5971 W. 3rd St, (323) 933-2112
Like the Preserve, Rita’s House may only be here, in Los Angeles, but the two locations couldn’t feel more different. Rita is located inside a 1927 Spanish colonial building that was originally constructed to house prop and costume design for the film studio industry in Hollywood. The building’s unique history goes back to the roots of co-working as a creative endeavor. It has monthly membership options, day rates, and a real focus on content production, with dedicated rooms for self-tape auditions and podcast tapings, as well as large meeting and screening rooms. You’ll find the expected high-speed Wi-Fi and business center amenities here, but it’s inside a space that feels more like classic Hollywood Boulevard than Sand Hill Road. Every great city has a co-working space that doubles as a people-watching and networking hub, and I think LA has it right here.

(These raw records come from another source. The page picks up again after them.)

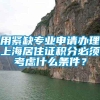 用紧缺专业申请办理上海居住证积分必须考虑什么条件？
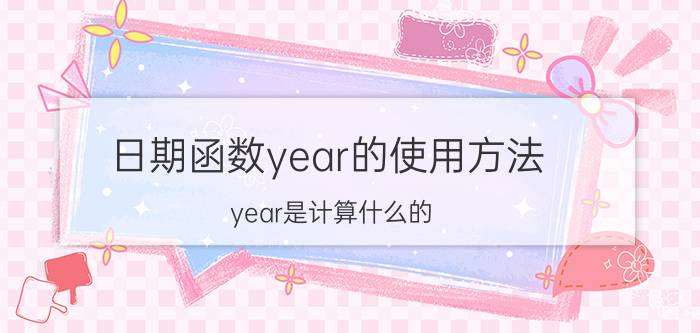 日期函数year的使用方法 year是计算什么的？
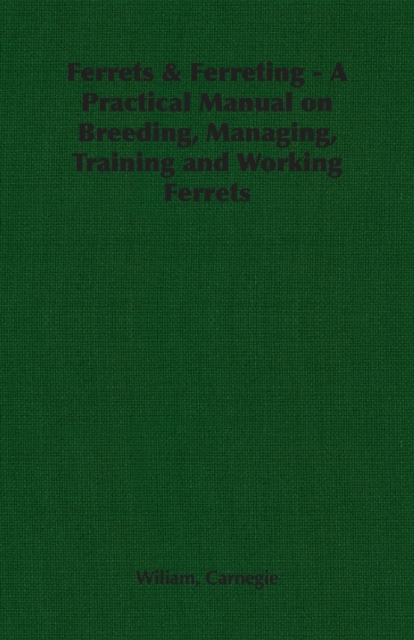 Ferrets & Ferreting - A Practical Manual on Breeding, Managing, Training and Working Ferrets, Paperback / softback Book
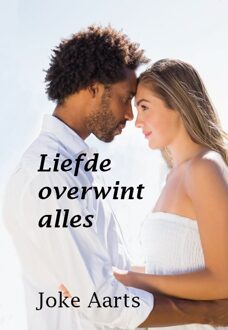 Liefde overwint alles - Boek Joke Aarts (9490902748)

4334 Sunset Blvd., (213) 200-0969
I love working in Los Angeles coffee shops, and Dinosaur is one of my favorites for this particular job. Located on the border between Silver Lake, Los Feliz and East Hollywood, this place is a creative laptop melding of people whose names you’ve seen in the writers’ credits at the end of various movies and television shows – or who would like to do so someday. The coffee comes from Woodcat Coffee, whose flagship store is on Sunset Boulevard in Echo Park, and the store is bright and filled with good California light. it just feels Be creative here—get work done in the front yard, or pay attention to interesting conversations around you. I go there almost every time I’m in LA.
where to eat
How Do I Pick 10 Places to Eat in Los Angeles? How does one pick 20, or 50, or 101 like they do every year in LA Times Food? That section’s weekly (daily!) reporting on food across LA should be something you start exploring now in the weeks before your trip, to keep up with the most interesting new things happening throughout the area. For me, these are 10 restaurants that I have personally visited and enjoyed, ranked by price, location, and experience. They don’t have to be my 10 Favorite LA restaurants, but they’re all places I’d happily go back to, and in a city that’s completely spoiled for options, that’s saying something.

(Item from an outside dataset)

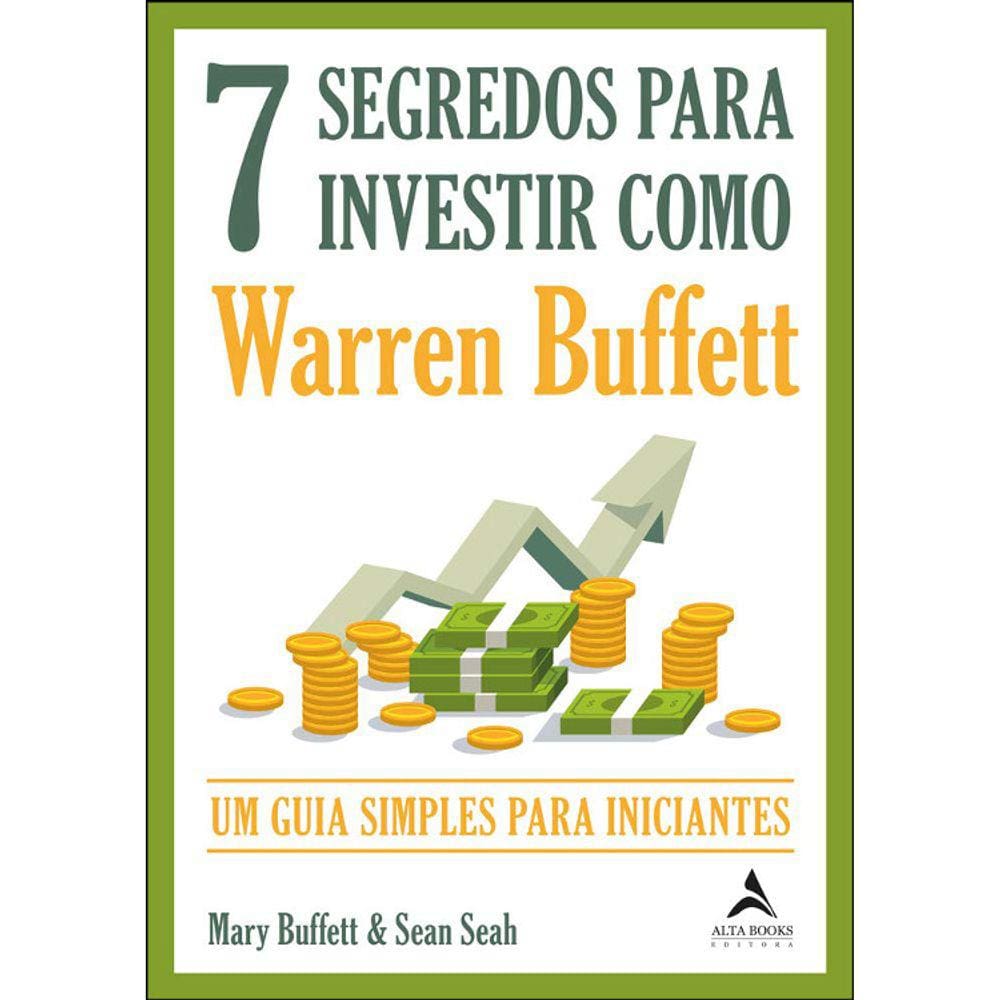 7 Segredos Para Investir Como Warren Buffett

2736 W. Sunset Blvd., (213) 913-6850
Avish Naran cracked some unknown nuke when he opened a pizza palace in 2022. I think it’s an Indian sports bar? But it’s also like a red sauce Italian joint, a cocktail destination that works more or less perfectly in its own creative idiom, a really great place to watch the Lakers waddle their way through the remains of the executive-produced-LeBron-James era, and so on. There’s green chilli pickle masala wings and korma curry pizza and dosa with onion rings (a must order) and plenty of beer from near and far to enjoy. Don’t forget to order a cocktail here – it quietly has one of the more inventive cocktail programs in the city, which is saying something, because there’s really nothing cool about a pizza palace. Go here with a larger group, or go alone to the bar. I want it to be three times larger, but I don’t want to change anything about it.